Never Meant

There’s lot of things I don’t know about, even as I’ve aspired to broaden the reach of my awareness. I’ve mentioned before how social media (specifically, at the time, Twitter) almost was single-handedly responsible for exposing me to lived experiences not my own, often by expanding the range of authors and books I choose to read, fiction and nonfiction alike.

Recently, I finished Survival Is a Promise by Alexis Pauline Gumbs, mostly because I’d read Gumbs’ terrific Undrowned and because I basically knew nothing much about Audre Lorde beyond the standard references that pop up in spaces for white liberals. I’m not mentioning this now because I’ve suddenly got anything interesting or incisive to say about Lorde, but because in the midst of my existential birthday tension between wanting to be heard and thinking that wanting to be heard is just useless ego I was struck especially by one thing.

Discussing the induction of Lorde into the American Poet’s Corner at the Cathedral Church of St. John the Divine, Gumbs mentions the inscription carved into a memorial stone taken from Lorde’s “A Litany for Survival”.

When we speak we are afraid our words will not be heard or welcomed. But when we are silent, we are still afraid. So it is better to speak.

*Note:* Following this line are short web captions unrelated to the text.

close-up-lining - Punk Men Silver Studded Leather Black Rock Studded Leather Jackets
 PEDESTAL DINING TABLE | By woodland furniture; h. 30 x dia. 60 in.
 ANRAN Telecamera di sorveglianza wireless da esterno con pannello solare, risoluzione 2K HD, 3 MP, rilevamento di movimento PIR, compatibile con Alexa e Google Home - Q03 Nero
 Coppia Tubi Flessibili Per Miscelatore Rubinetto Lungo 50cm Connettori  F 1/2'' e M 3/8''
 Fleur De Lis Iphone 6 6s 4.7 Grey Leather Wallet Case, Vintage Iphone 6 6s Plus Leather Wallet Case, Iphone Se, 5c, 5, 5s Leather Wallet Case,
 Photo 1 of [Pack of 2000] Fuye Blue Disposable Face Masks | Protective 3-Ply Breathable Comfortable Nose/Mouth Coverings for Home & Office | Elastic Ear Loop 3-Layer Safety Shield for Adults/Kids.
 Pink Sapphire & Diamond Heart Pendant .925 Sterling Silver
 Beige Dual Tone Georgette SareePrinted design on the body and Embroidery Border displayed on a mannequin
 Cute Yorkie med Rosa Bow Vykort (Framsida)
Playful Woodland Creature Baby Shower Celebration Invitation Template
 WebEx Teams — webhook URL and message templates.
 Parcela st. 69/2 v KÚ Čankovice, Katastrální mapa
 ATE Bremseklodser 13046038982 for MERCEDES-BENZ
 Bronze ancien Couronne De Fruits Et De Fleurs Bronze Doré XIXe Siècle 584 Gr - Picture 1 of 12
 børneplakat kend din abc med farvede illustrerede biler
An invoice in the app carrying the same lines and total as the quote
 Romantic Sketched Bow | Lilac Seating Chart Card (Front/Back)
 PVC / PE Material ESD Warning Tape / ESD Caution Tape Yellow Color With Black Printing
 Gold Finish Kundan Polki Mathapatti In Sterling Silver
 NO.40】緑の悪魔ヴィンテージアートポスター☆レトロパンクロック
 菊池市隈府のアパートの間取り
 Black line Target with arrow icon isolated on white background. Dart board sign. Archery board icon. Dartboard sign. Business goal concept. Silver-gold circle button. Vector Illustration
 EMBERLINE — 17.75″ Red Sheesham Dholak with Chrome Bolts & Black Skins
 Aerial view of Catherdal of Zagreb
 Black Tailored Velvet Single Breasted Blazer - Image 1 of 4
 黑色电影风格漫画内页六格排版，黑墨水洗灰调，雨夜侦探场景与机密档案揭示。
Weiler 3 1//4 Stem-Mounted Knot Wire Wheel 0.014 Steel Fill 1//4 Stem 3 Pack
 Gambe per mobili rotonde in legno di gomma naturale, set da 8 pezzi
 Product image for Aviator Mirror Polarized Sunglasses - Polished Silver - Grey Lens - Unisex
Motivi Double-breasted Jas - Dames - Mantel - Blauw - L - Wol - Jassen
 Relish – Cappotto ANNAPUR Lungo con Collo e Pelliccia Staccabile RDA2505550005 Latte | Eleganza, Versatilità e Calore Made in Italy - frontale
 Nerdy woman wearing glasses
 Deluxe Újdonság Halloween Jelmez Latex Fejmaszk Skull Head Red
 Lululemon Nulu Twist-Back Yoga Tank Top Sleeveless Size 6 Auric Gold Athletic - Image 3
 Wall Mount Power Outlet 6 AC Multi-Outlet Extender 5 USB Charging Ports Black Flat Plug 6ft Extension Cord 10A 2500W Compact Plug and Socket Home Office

As described by Gumbs, this stone inscription represents “her line breaks sutured into life sentences”, and I will say it’s important for me to note that it abruptly leaves off the poem’s pointed conclusion:

and when we speak we are afraid
our words will not be heard
nor welcomed
but when we are silent
we are still afraid

So it is better to speak
remembering
we were never meant to survive.

Anyway, I post all of this with full awareness that whatever the nature of my eventual dissolution, I’ve had and continue to have some obvious degree of privilege as provided to the white, straight, cisgender male. Nevertheless, because even these in time and with near-inevitability will fail to protect me from being disabled and unemployable and so of absolutely no productive use to society whatsoever, I’m particularly struck by these particular words of Lorde’s, and it didn’t seem fitting to pass them by without noting them here.